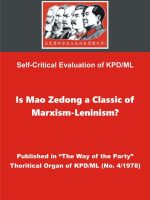 Is Mao Zedong a Classic of Marxisn Leninism?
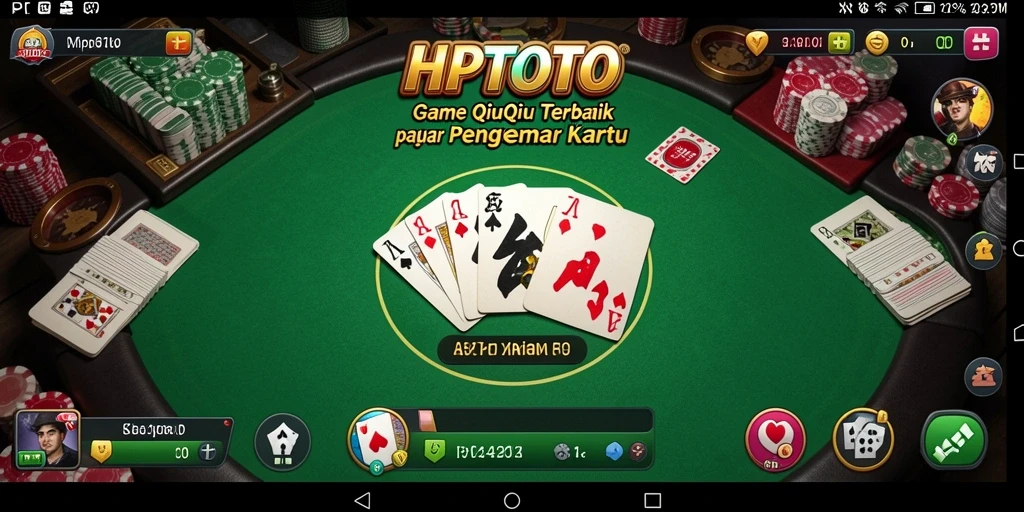Screenshot HPTOTO menampilkan gameplay QiuQiu yang seru dan menghibur.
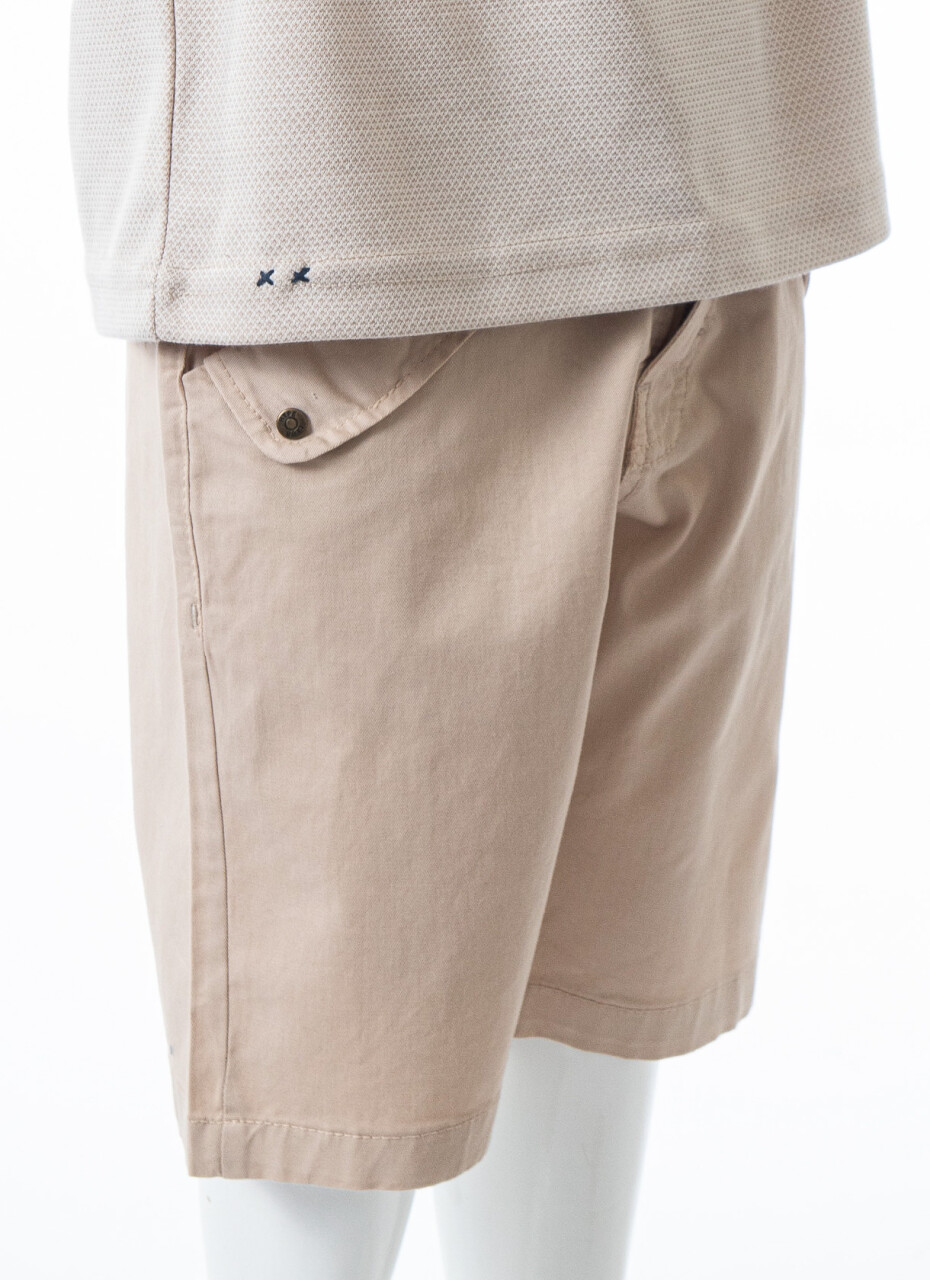 Erkek Çocuk Yazlık 2'li Alt Üst Takım (Tişort + Şort) 4-8 Yaş 6616 Bej - 5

▶ Activity
Where the line holding "Screenshot HPTOTO menampilkan" appears, start copying, and continue exactly through the last line of the listing, both ends included, skipping the pictures.

▶ Reply to the exercise
Screenshot HPTOTO menampilkan gameplay QiuQiu yang seru dan menghibur.
 Erkek Çocuk Yazlık 2'li Alt Üst Takım (Tişort + Şort) 4-8 Yaş 6616 Bej - 5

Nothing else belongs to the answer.